I fell off a stile earlier in the year (dogwalk) and twisted my knee painfully. It proved very slow to heal, so I went to a Physio who kneaded tender areas and gave me exercises. Slowly (age thing) there is healing. Having this column to write, I wondered if there were lessons for prayer.
That morning of the fall I clambered over the stile so full of confidence that I did not pay attention, and slipped (lesson 1). And then the ‘dot and carry one’ stage, limping stiffly with a stick, watching every step (2). But feel no shame about needing a stick, a prop in case you stumble: reminds us of dependence on God (3). Indeed, I found a sort of fellowship of the stick among hesitant hobblers, a mutual acceptance and understanding, which was pleasant and supportive – a bit like a prayer meeting (4).

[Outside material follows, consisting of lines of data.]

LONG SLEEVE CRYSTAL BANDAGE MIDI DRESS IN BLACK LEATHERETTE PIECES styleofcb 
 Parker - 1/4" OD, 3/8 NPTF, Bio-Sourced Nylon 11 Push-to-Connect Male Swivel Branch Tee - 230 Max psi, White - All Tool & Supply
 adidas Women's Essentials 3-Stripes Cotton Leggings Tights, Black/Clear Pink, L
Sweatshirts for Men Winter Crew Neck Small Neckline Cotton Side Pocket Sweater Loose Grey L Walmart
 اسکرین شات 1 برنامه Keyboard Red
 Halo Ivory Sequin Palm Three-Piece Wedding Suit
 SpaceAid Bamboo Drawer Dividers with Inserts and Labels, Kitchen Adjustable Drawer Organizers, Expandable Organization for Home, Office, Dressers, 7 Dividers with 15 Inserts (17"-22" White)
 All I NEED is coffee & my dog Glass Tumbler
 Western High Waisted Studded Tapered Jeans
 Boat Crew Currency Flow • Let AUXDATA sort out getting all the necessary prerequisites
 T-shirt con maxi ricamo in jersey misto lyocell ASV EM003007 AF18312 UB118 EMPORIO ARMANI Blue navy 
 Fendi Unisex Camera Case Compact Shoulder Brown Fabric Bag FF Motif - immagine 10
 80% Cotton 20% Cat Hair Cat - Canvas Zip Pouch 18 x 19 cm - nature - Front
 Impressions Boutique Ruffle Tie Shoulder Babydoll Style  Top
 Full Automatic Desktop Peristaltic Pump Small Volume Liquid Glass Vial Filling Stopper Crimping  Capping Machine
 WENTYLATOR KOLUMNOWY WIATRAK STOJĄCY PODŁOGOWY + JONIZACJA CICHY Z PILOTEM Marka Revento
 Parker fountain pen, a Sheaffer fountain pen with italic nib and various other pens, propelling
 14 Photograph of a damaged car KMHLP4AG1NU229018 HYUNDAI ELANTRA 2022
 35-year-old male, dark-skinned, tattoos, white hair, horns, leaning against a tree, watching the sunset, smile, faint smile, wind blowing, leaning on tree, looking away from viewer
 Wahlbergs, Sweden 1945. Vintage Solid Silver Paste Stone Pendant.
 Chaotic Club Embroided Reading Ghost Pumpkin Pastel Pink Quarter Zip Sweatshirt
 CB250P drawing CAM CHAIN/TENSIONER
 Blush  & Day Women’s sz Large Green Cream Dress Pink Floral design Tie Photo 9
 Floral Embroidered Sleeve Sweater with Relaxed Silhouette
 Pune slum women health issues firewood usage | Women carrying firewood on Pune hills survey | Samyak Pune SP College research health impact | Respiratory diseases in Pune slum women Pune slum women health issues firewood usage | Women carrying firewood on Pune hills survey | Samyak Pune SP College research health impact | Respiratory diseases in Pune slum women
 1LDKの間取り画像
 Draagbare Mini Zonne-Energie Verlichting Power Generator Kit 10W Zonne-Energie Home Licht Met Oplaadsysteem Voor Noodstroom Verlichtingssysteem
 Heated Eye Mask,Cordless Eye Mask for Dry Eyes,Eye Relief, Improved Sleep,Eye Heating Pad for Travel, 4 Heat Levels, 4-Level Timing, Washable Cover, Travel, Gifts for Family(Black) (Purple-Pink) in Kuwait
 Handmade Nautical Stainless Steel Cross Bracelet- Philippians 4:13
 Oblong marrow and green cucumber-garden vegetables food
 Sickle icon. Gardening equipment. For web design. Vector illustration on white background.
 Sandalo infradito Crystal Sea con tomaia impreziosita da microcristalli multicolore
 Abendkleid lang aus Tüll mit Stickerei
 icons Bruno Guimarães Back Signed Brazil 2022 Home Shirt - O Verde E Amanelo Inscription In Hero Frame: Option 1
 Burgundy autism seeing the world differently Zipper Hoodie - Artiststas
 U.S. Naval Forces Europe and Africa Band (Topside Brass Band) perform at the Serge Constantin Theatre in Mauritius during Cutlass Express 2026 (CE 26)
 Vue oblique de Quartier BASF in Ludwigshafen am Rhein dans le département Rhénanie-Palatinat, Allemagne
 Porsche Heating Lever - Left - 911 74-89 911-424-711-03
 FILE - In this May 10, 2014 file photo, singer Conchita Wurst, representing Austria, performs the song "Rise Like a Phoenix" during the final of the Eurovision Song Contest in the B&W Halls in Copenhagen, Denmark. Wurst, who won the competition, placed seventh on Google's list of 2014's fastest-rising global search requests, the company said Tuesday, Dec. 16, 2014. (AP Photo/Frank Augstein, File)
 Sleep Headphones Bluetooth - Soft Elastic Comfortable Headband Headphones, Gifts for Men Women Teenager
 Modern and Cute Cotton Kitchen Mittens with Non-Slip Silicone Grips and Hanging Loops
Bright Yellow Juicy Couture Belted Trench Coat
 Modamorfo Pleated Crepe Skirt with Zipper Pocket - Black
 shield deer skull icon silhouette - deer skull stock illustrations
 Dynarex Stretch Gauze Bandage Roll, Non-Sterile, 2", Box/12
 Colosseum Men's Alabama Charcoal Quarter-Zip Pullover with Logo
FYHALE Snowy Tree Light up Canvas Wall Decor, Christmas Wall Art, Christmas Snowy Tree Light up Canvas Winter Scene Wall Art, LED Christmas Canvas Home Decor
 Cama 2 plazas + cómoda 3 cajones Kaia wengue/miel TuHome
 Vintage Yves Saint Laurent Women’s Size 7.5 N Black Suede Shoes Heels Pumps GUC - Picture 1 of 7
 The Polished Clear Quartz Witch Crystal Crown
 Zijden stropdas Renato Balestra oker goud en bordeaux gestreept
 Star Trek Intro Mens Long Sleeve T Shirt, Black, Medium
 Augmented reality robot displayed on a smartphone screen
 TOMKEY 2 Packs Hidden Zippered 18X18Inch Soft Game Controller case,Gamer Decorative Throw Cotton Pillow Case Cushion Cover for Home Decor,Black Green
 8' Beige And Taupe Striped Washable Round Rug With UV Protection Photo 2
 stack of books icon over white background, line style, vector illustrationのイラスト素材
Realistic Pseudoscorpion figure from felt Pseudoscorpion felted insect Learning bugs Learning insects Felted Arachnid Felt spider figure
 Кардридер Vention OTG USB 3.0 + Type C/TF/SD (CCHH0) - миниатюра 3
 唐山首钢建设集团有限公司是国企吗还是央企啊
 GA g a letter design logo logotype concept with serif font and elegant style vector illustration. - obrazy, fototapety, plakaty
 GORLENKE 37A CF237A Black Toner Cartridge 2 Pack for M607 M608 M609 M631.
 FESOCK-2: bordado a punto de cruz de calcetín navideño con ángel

And the exercises: 20 minutes, thrice daily; all to build up the knee and its various muscles, lots of them. Regularity and fidelity is lesson 5, and/or perhaps discipline and obedience (6) because sharp questions get asked if you don’t work at the task, and not just by the Physio. Prayer has to be regularly repeated when we need building up.
But I have begun to notice a freedom: walking better; bending the knee happens naturally, not so cautiously. Is there a parallel there too – that prayer should not just be a formal exercise, but as natural as walking, an easy part of daily life, even when there is no pain to remind us (7)?
Oh, and there’s prayer for healing as well. Don’t forget that! And of course thanks for healing (so obvious). And praise too, for all that the Lord works in our lives. Perhaps you could add more.
A prayer for each week
Lord of all healing, we raise up to you on a stretcher of prayer our friends who’re suffering: from accident, injury, illness or attack – physical, mental or spiritual. And please bless also those who work for wholeness. Amen.
Lord of all knowing, we praise you for what we can see of your ways, but also what lies above and beyond our ken. Please help us to trust and obey your word, both when it seems clear and when it doesn’t. Amen.
Lord of all ways, of all the awkward corners as well as the clear, straight, smooth paths, please remind us to pray our way forward with you every step of your way, but most especially when difficulties loom. Amen.
Lord of all recovery, thank you for healings in hospitals and homes, but we praise you also for the promise of the much greater and perfect wellbeing yet to come, through Jesus – unstiffened in eternity. Amen.